Como digo, la novela está contada en primera persona por un personaje, el barón Gottfried Adalbert von Yosch, que, sin embargo, permanece, curiosamente, subordinado a las actividades de Waldemar Solgrub, quien lleva el peso de la investigación y que, aparte de intentar descubrir al asesino, pretende exonerar al narrador. Este punto de vista, al evitar la omnisciencia, por ejemplo, del relato en tercera persona, contribuye a la atmósfera de pesadilla de la narración, en la que las muertes aparentemente inexplicables parecen el fruto sangriento de una mente atrabiliaria.
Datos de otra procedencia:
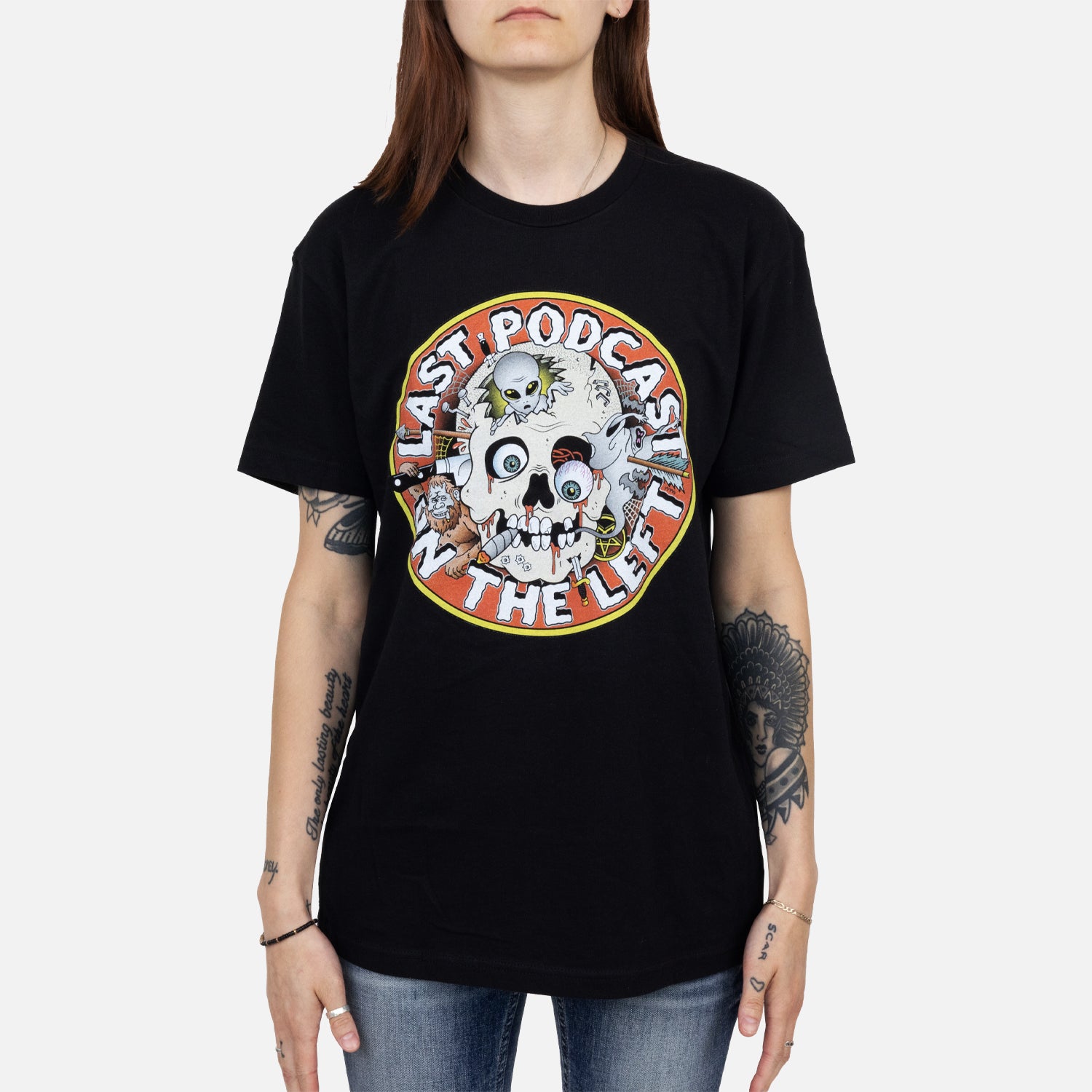 female model wearing black tee with graphic of skull with orange background surrounded by white text "LAST PODCAST ON THE LEFT"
Además,  dichas las muertes, en principio, representan el misterio de la habitación cerrada, presente ya, por ejemplo, en Los crímenes de la calle Morgue, de Poe, y en tantas otras obras del género.

Ya es bastante, aunque trivial, que la lectura sea amena y fácil; que los personajes, aunque no extraordinarios, sirvan bien como canalizadores de la acción, así como unos diálogos correctos, inscritos de manera óptima en la historia. El narrador es un personaje, digámoslo así, turbio, sin clara conciencia de sus acciones, envueltas la mayor parte del tiempo en una bruma psicológica que se transforma en ambivalencia moral si quisiéramos juzgarlo en ese sentido. Al contrario, por ejemplo, que Solgrub, nuestro Dupin o Holmes, o que el doctor Gorski, un Watson que tiene un escena falstaffiana brillante y sorprendente. Tengo la impresión de que el autor después de ese momento lo mantiene a raya, pues bien podría haber eclipsado a los demás personajes. Da espacio, sin embargo a Solgrub, quizá demasiado sobrio para un shakesperiano.


Mi primera reacción fue de sorpresa y de pánico. ¿Qué es lo que ha ocurrido? ¿Qué locura se ha apoderado de mí? Luego me invadió un sentimiento de angustia. ¿Cómo ha podido sucederme una cosa así? ¿Cómo ha podido ser posible?, me preguntaba lleno de asombro y de miedo. ¿Acaso me he visto realmente entrar aquí y susurrar palabras que nunca han salido de mis labios? ¡Yo mismo he creído por un momento en mi propia culpa! ¿Cómo es posible? Sin duda se ha tratado de una fuerte perturbación de mis sentidos, una alucinación que se ha burlado de mí, una voluntad ajena a la mía que me ha forzado a asumir algo que yo no he hecho. No, evidentemente yo no he estado aquí antes, no he hablado para nada con Eugen Bischoff y no soy ningún asesino. Un sueño, una locura que se ha escapado de los infiernos y que ahora ha vuelto a hundirse en aquel lugar de donde nunca debería haber salido. (Págs. 82-83)


Por otro lado, la lectura, más allá del desenvolvimiento de la trama, puede interpretarse, sin duda, desde diferentes puntos de vista. Yo no puedo dejar de pensar la novela como una reflexión sobre la enorme capacidad autoaniquiladora del ser humano, que necesita de periódicas dosis de heroísmo para sobrevivir. O quizá no tanto del ser humano en general como de las clases sociales acomodadas (el elenco de la novela lo forman en su mayoría aristócratas, burgueses, profesionales liberales e, incluso, los artistas, aunque sean, como diría Bourdieu, una clase subordinada dentro de la clase dominante), cuya existencia parasitaria (como diría un marxista antiguo) acaba por sumirles en un sopor vital del que solo pueden emerger recurriendo a métodos extraordinarios y mortales.